Однажды, вернувшись в полдень с урока домой, я остановился озадаченный у дверей моей комнаты. Какой-то молодой человек, без сюртука, в ермолке, всунувшись наполовину со двора через окно ко мне в комнату, лежал, облокотившись на стол, и внимательно читал мою газету. Не успел я еще сообразить, в чем дело, как мой неожиданный «гость» встрепенулся и тревожно поднял голову. Увидев меня, он вздрогнул, мигом выскочил из окна — и остался на одном месте, сильно смутившись и покраснев.
— Ах!.. и-извините! — забормотал он по-еврейски с виноватой неловкой улыбкой. — Сто раз прошу вас — извините!.. Я здесь у вас, Б-же сохрани, ничего не трогал… Прошел мимо, заметил газету, «схватил» издали «слово»… я и подошел… Окно было открыто…
Я поспешил его успокоить и предложил ему газету.
— Спасибо! Большое спасибо! — поблагодарил он меня с чувством, все еще не оправившись от смущения. — Тут, понимаете ли, «кусок» один заинтересовал меня… Глу-убокий кусок!.. Только горькое чтение! С большим трудом разбираю по-русски, — прибавил он с огорчением.
— О чем, собственно, читали вы? — полюбопытствовал я.
— О чем читал я? Известно о чем! О чем теперь можно читать в газете? О чем теперь пишут в газете? О политике, конечно…
— Вы интересуетесь политикой?
Он как-то быстро и пытливо взглянул на меня и опустил глаза.
— Хей! — произнес он неопределенно и сдержанно. Но через минуту, однако, заговорил:
— Политика… Кто теперь не интересуется политикой? В обыкновенное время, я понимаю, политика не стоит понюшки табаку, но теперь… Б-же мой! Теперь, кажется, и рыба в воде интересуется политикой.
Мой случайный собеседник начал интересовать меня, и я пригласил его зайти в комнату.
— Зашел бы с бо-ольшим удовольствием, но теперь не время, — ответил он. — Пора в хедер: дети сейчас придут с обеда…
Теперь я, наконец, догадался, кто такой мой собеседник. На дворе, куда выходило окно моей комнаты, в покосившемся домике помещался хедер, откуда с утра до ночи разносился по всему двору гвалт детских голосов. Только привычное еврейское ухо могло в этом сплошном крике различать еврейские слова Талмуда с их переводом на еврейско-немецкий жаргон. Из окна я иногда видел снующих по двору испуганными мышками худых и жалких ребятишек, но самого меламеда мне ни разу не случилось встретить. Почему-то я представлял его себе звероподобным стариком. А на самом деле он оказался молодым человеком 27–28 лет, высоким и худым, с тонкими чертами и маленькой острой бородкой. Большие черные вдумчивые глаза и редкие морщины на лбу придавали лицу выражение особенной серьезности. Бархатная ермолка и тонкие, свитые спиралью пейсы, спускавшиеся у ушей, представляли собою как бы рамку для этого лица.

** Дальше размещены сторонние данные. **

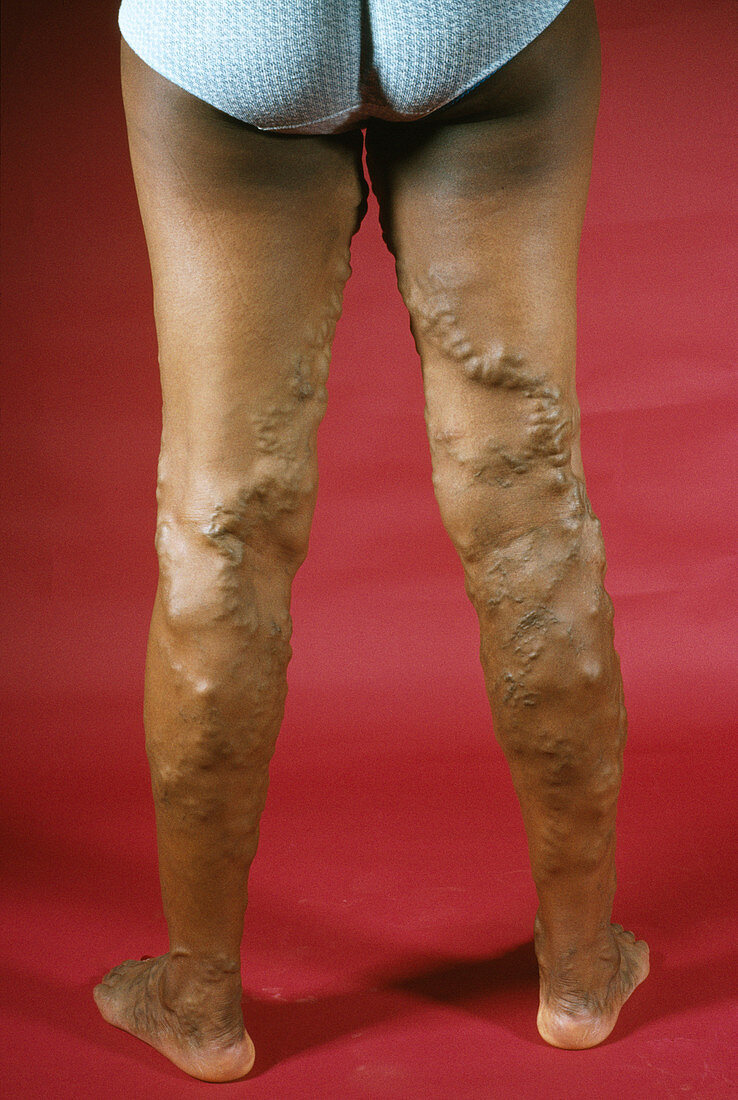 Varicose veins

Помолчав с минуту, он заговорил несколько нерешительно:
— Вот вечером, если вы не заняты, если б к вам можно было… с бо-ольшим удовольствием зашел бы к вам! Могу вам признаться: мне уж давно хотелось поговорить с таким человеком, как вы… Скажите: вы каждый день, ка-аждый день читаете «лист»? — закончил он неожиданным вопросом.
Я ответил утвердительно.
Мой собеседник устремил на меня долгий пристальный взгляд, в котором выражались и зависть, и огорченье.
— Вот это я понимаю! — произнес он со вздохом. — Это я понимаю, это — чтение. Такое чтение имеет почву, имеет значение!..

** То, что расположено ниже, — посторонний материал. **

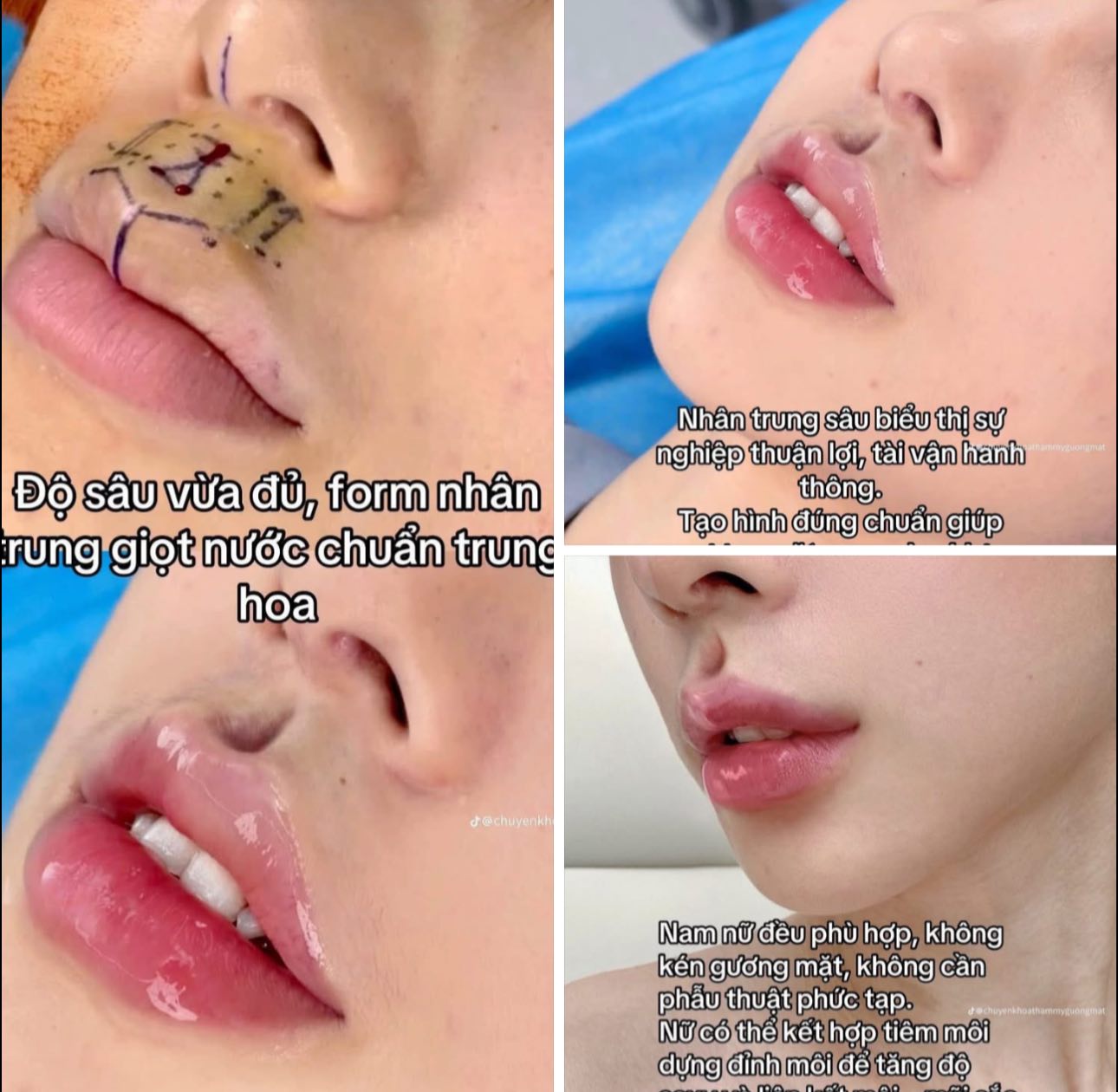 Nhân trung giọt nước chuẩn Trung Hoa khiến chị em phát sốt, người khen kẻ chê "chắc hứng nước luôn được"- Ảnh 2.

— А вы как же читаете? — полюбопытствовал я.
Он презрительно пожал плечами.
— Читаю! Тоже чтение! Ловлю с ветра, а не читаю!.. Раз в две недели удается с трудом достать лист «А-левонен». Ну, а кроме этого — ловишь с ветра… Тут слово услышишь, там слово схватишь, на базаре «телеграмму» прочтешь… Но вы ведь понимаете, что все это не то, без фундамента!

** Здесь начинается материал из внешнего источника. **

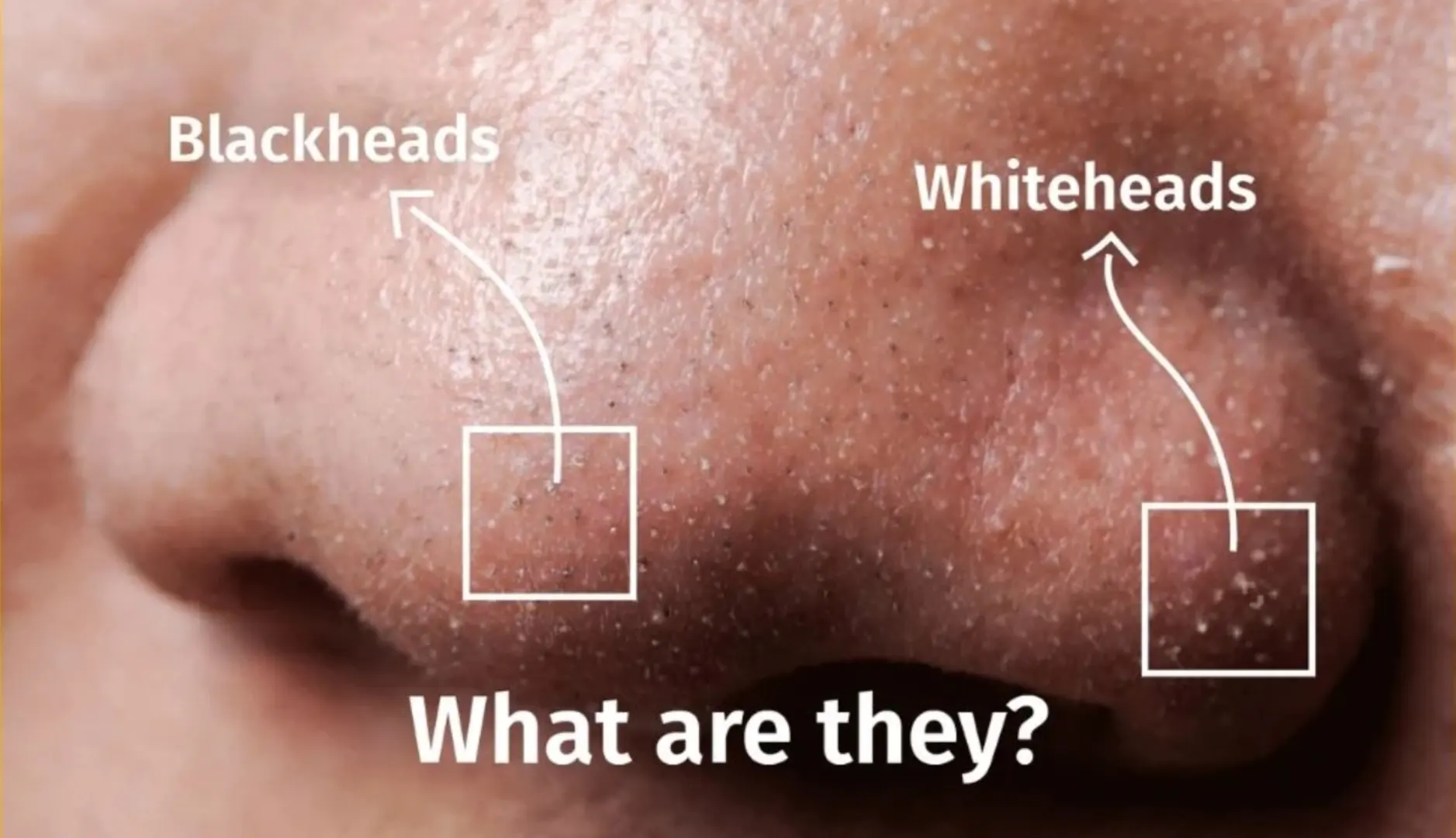 Whiteheads: Causes, Treatment & How to Prevent Acne Bumps Effectively 1 whiteheads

Он как-то безнадежно махнул рукой, и на лице его выразилось искреннее огорчение.
Я, конечно, пригласил его зайти вечером.
Часов в 9 вечера, по-видимому прямо из хедера, явился ко мне мой сосед. Теперь на нем был длинный черный сюртук и бархатный картуз.
— Добрый вечер! — приветствовал он меня солидно, не снимая картуза и не подавая руки, и остановился посреди комнаты.
Я пригласил его сесть. Он не спеша сел и с большим интересом стал оглядывать мою комнату, обстановка которой, очевидно, казалась ему любопытной. Особенно привлекли его внимание две полки с книгами, с которых он не спускал недоумевающего взгляда.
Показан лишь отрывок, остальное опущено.